How do I troubleshoot cluster scaling with Karpenter autoscaling in Amazon EKS?
I want to troubleshoot cluster scaling with the Karpenter autoscaler in Amazon Elastic Kubernetes Service (Amazon EKS).
Resolution
Troubleshoot your issue based on the error message that you receive.
Can't schedule Karpenter Pods because of insufficient Amazon EKS node group instances
Note: If you receive errors when you run AWS Command Line Interface (AWS CLI) commands, then see Troubleshooting errors for the AWS CLI. Also, make sure that you're using the most recent AWS CLI version.
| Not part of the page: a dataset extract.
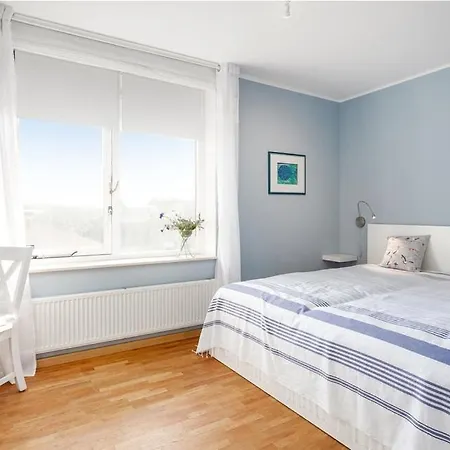 Light-flooded Берген ан Зее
In Karpenter version 0.16.0 and later, the default replica count changed from 1 to 2. For more information, see v0.16.0 on the GitHub website. I there isn't enough node capacity in the cluster to support the configured number of replicas, then you can't schedule Karpenter Pods. Because Karpenter can't provision nodes to run its own Pods, it fails because of insufficient capacity and results in unscheduled Pods. Then, you receive the following error message:
"Warning FailedScheduling 3m default-scheduler 0/1 nodes are available: 1 Insufficient memory."
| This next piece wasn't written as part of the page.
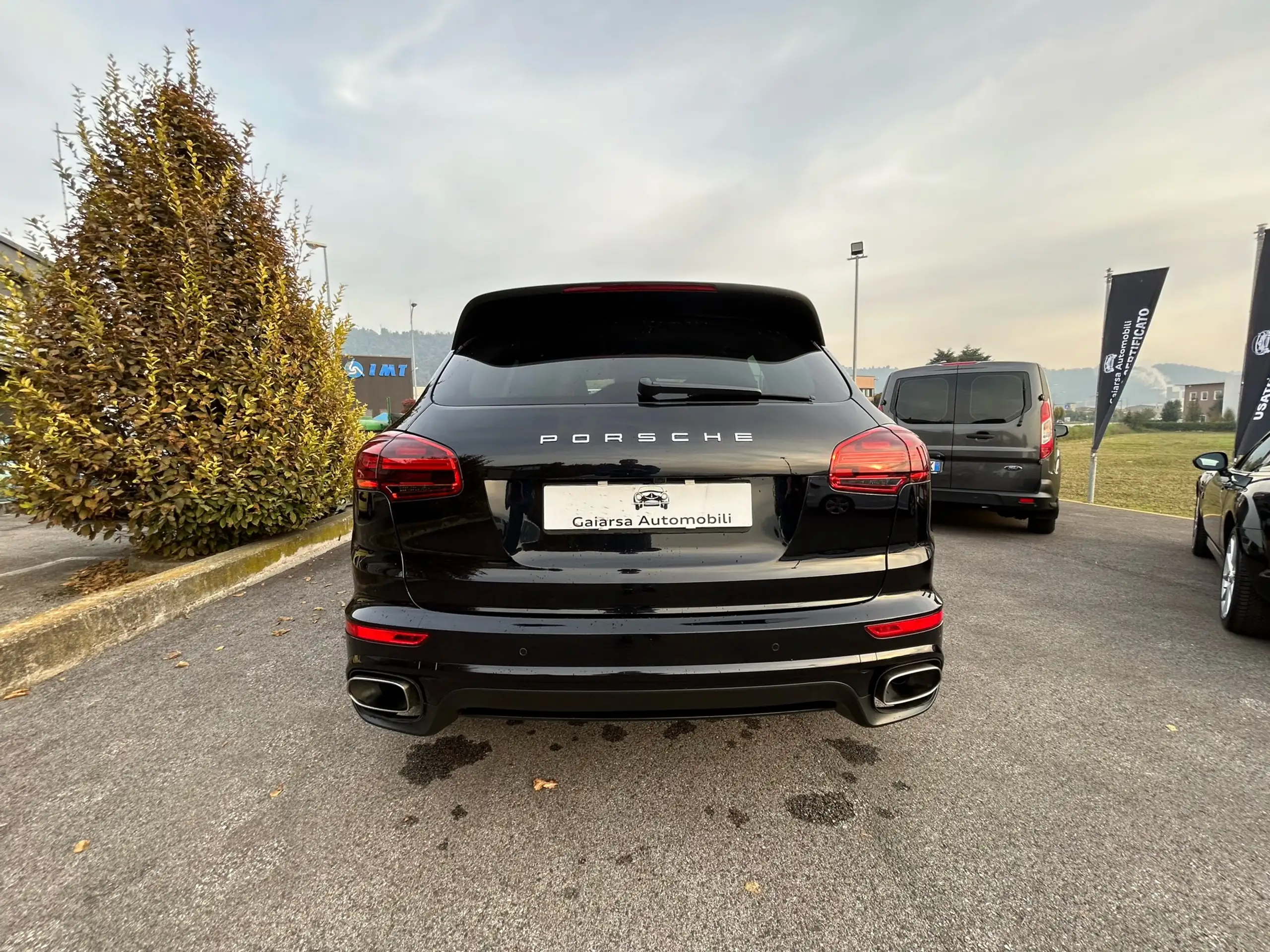 Porsche - Cayenne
To resolve this error, take one of the following actions:
Reduce the Karpenter deployment replicas to one
If your Karpenter deployment doesn't require redundancy, then change it to use a single replica. Run the following command:
kubectl scale deployment karpenter --replicas=1
Increase the node capacity for the Karpenter Pods
To run two replicas of Karpenter, make sure that there's sufficient capacity for two replicas. Choose one of the following options:
Scale out the Auto Scaling group
- Increase the minimum instance count in the Auto Scaling group. Run the following command:
Note: Replace your-node-group-name with the name of your Auto Scaling group.aws autoscaling update-auto-scaling-group --auto-scaling-group-name your-node-group-name --min-size 2 --desired-capacity 2 - Make sure that there are nodes that Karpenter doesn't manage. Check the node labels for Karpenter labels, such as karpenter.sh/nodepool. Run the following command:
kubectl get nodes --show-labels | grep karpenter.sh/nodepool
Use existing nodes
If the target existing node or nodes have Karpenter labels such as karpenter.sh/nodepool, then remove the labels. Run the following command:
kubectl label nodes your-node-name karpenter.sh/nodepool-
Note: Replace your-node-name with the name of your node.
Volume attachments and mount failures
When multiple Pods with Persistent Volume Claims (PVCs) are scheduled on the same node, the node might exceed its volume attachment limit. Then, you might receive either of the following error messages:
"Warning FailedAttachVolume pod/example-pod AttachVolume. Attach failed for volume " " : rpc error: code = Internal desc = Could not attach volume " " to node " ": attachment of disk " " failed, expected device to be attached but was attaching"
"Warning FailedMount pod/example-pod Unable to attach or mount volumes: unmounted volumes=[], unattached volumes=[]: timed out waiting for the condition"
To resolve volume attachment and mount failures for PVC-heavy workloads, complete the following steps:
- Apply topologySpreadConstraints and podAntiAffinity to prevent PVC-heavy Pods from being scheduled on the same node. For more information, see topologySpreadConstraints field and Pod affinity example on the Kubernetes website. This action distributes PVC-heavy pods across different nodes to avoid the concentration of volume attachments on a single node.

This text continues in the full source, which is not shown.